Chatterbox-Multilingual — Telugu (te) fine-tune

A Telugu fine-tune of Resemble AI's ResembleAI/chatterbox (Chatterbox-Multilingual, checkpoint t3_mtl23ls_v2.safetensors). It adds Telugu — including code-switched (Telugu+English, e.g. "Tenglish") speech — while keeping the base model's English and 23-language ability and its zero-shot voice cloning. This is a derivative of Chatterbox; see the model tree above.

Key details

Backbone: Chatterbox T3 (~0.5B Llama) text→speech-token model, warm-started from the released 23-language checkpoint (English/cross-lingual ability preserved).
Adaptation: LoRA (rank 16, merged into the weights) + retrained text embedding/head.
Tokenizer: the multilingual grapheme tokenizer extended with the Telugu script and a [te] language tag (vocab 2521).
Training: 10,000 steps on ~34.5k Telugu clips (see Training data).
Voice cloning: zero-shot from a 6–15s reference clip, same as base.
Watermark: every output carries Resemble AI's PerTh neural watermark.

What was kept vs. changed

Only the text side is Telugu-specific; the language-agnostic acoustic stack is reused unchanged from the base model.

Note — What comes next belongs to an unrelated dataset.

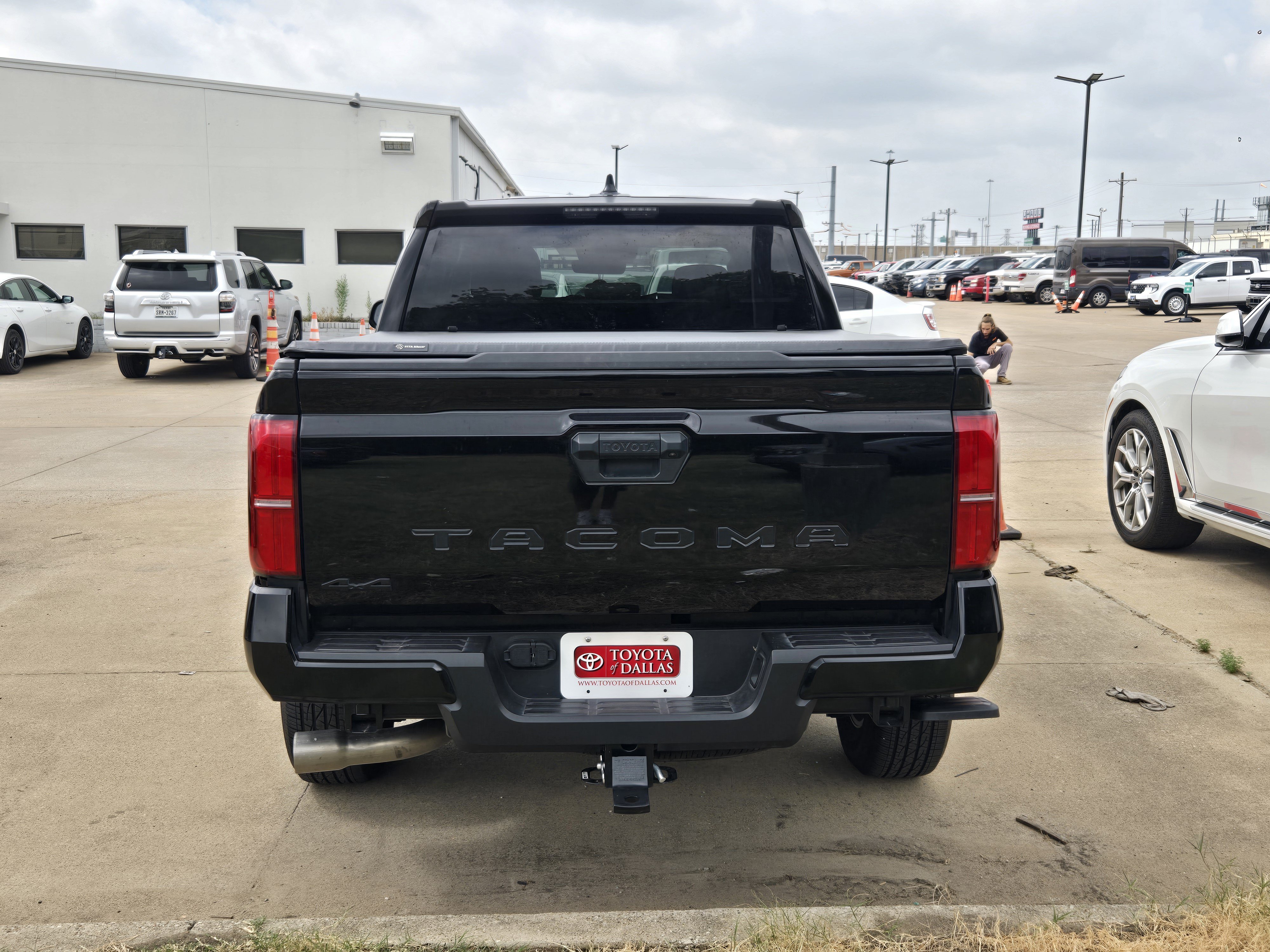 Used 2025 Toyota Tacoma SR5 AWD/4WD image 5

Component	Role	In this fine-tune
T3 (Llama ~0.5B)	text tokens → speech tokens	Trained (LoRA + text emb/head), merged into `t3_mtl_te.safetensors`
Grapheme tokenizer	text → token ids	Extended (+Telugu script, `[te]` tag)
S3Gen + HiFi-GAN	speech tokens → waveform	Kept unchanged (`s3gen.pt`)
VoiceEncoder	speaker embedding	Kept unchanged (`ve.pt`)
S3Tokenizer	wav → speech tokens	Kept unchanged (from base)
Conditioning / misc	default conds, ZH tokenizer	Kept unchanged (`conds.pt`, `Cangjie5_TC.json`)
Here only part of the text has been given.